What you have to do:
Count every line in the entries that holds the word "background". The reply is that count alone.

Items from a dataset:

____

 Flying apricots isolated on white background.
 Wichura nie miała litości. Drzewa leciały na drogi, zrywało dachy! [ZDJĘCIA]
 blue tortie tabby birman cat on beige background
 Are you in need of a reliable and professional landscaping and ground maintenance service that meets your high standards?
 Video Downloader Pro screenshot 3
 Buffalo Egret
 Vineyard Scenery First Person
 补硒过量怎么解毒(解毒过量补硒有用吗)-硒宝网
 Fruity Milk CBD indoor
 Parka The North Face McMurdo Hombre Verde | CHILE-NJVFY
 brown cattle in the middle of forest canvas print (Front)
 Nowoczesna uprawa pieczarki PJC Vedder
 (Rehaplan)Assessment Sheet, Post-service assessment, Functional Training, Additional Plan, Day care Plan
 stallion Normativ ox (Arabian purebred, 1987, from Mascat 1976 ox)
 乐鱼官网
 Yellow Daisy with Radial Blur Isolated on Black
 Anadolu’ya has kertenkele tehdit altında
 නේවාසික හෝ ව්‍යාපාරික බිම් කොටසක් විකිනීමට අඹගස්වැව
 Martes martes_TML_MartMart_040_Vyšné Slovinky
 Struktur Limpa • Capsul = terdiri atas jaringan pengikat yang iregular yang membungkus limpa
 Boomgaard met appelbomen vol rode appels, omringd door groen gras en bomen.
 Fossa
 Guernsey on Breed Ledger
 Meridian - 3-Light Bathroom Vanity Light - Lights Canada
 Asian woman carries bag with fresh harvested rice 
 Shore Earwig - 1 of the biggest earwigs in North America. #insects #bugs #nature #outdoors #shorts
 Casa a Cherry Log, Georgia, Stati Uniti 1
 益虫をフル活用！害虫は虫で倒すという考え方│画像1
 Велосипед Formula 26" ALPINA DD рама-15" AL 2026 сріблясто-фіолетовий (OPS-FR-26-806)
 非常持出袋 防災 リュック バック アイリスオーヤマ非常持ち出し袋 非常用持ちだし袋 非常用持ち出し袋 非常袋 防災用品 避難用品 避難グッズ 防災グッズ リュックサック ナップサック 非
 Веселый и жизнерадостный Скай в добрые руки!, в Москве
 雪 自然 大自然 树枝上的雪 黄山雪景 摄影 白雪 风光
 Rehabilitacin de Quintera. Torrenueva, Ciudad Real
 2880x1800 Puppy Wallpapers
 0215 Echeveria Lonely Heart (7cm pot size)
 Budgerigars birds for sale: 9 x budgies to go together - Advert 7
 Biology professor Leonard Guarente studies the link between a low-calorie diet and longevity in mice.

____

Output below:
2